From the listing below, please restate exactly the lines beginning at the one with "附件1：公司最新组织架构图_proc" and ending at the one with "德國原裝voith福伊特齒輪泵IPV3-3.5-101", both included, and skip the pictures.

§ **The data**
================================

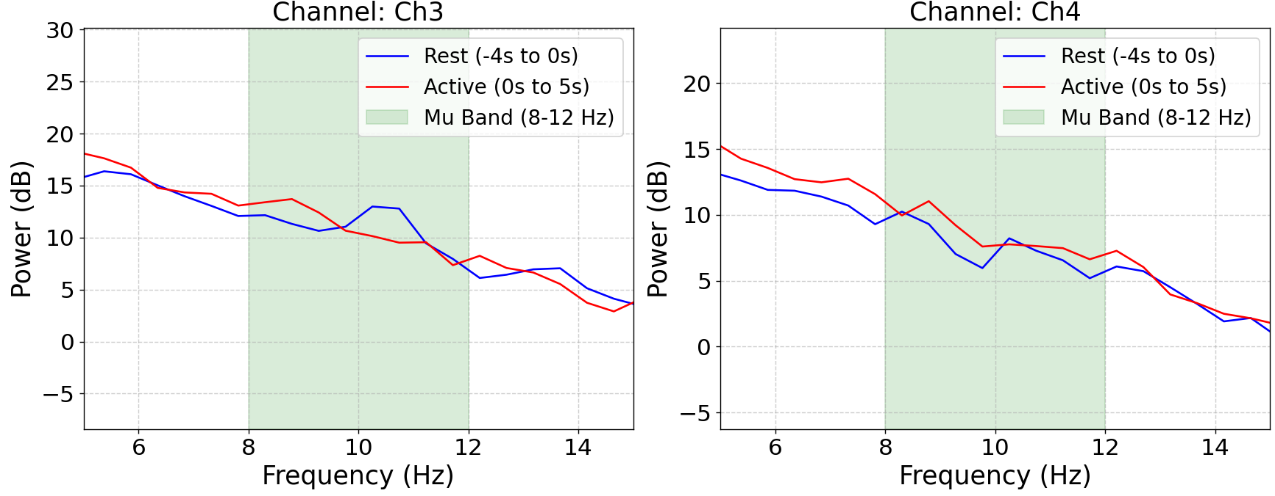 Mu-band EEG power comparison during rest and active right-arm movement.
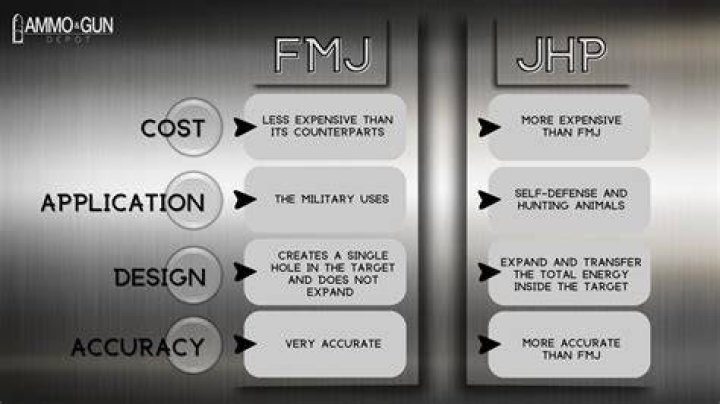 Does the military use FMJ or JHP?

================================

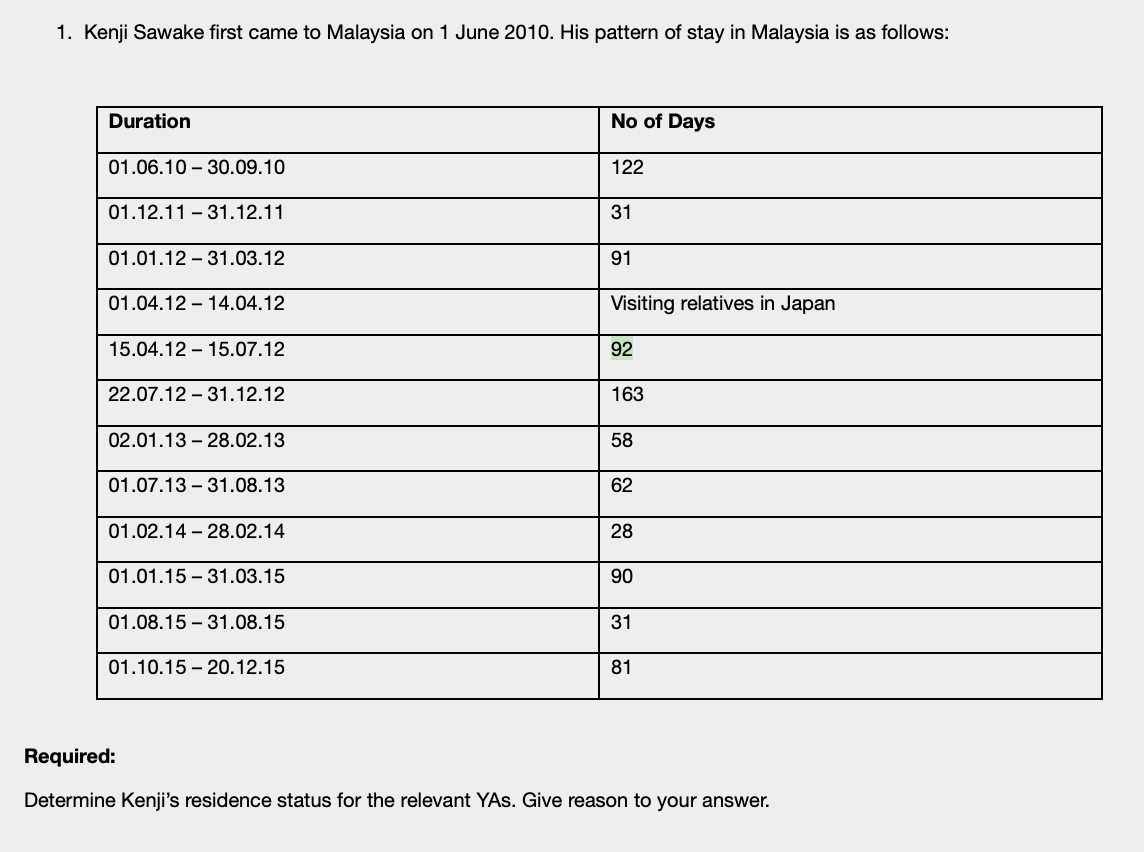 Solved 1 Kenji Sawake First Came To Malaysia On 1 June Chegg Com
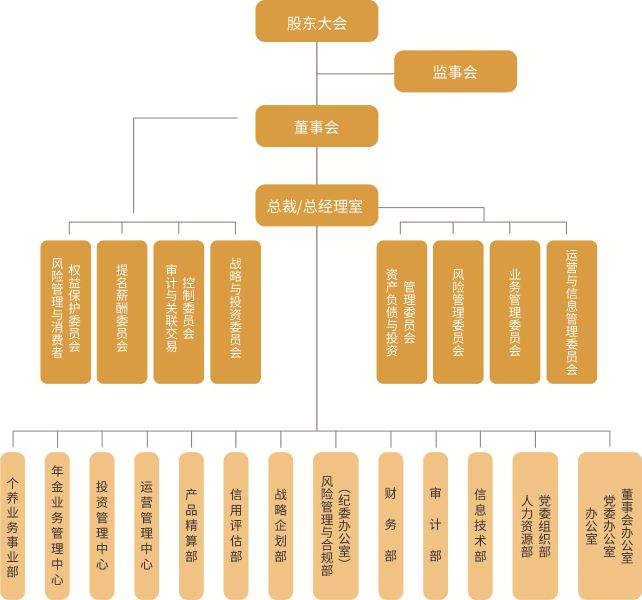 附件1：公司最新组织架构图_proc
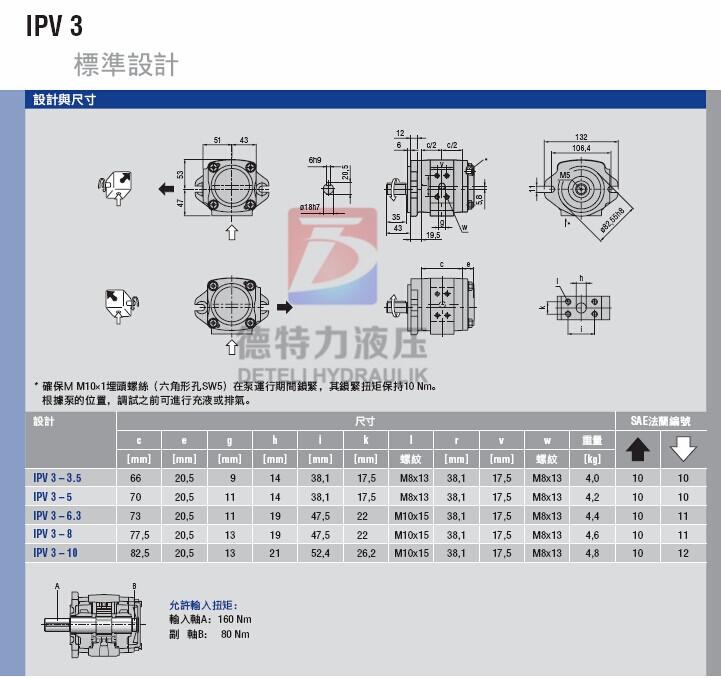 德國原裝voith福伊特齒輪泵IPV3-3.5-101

================================

§ **Solved problem**
 附件1：公司最新组织架构图_proc
 德國原裝voith福伊特齒輪泵IPV3-3.5-101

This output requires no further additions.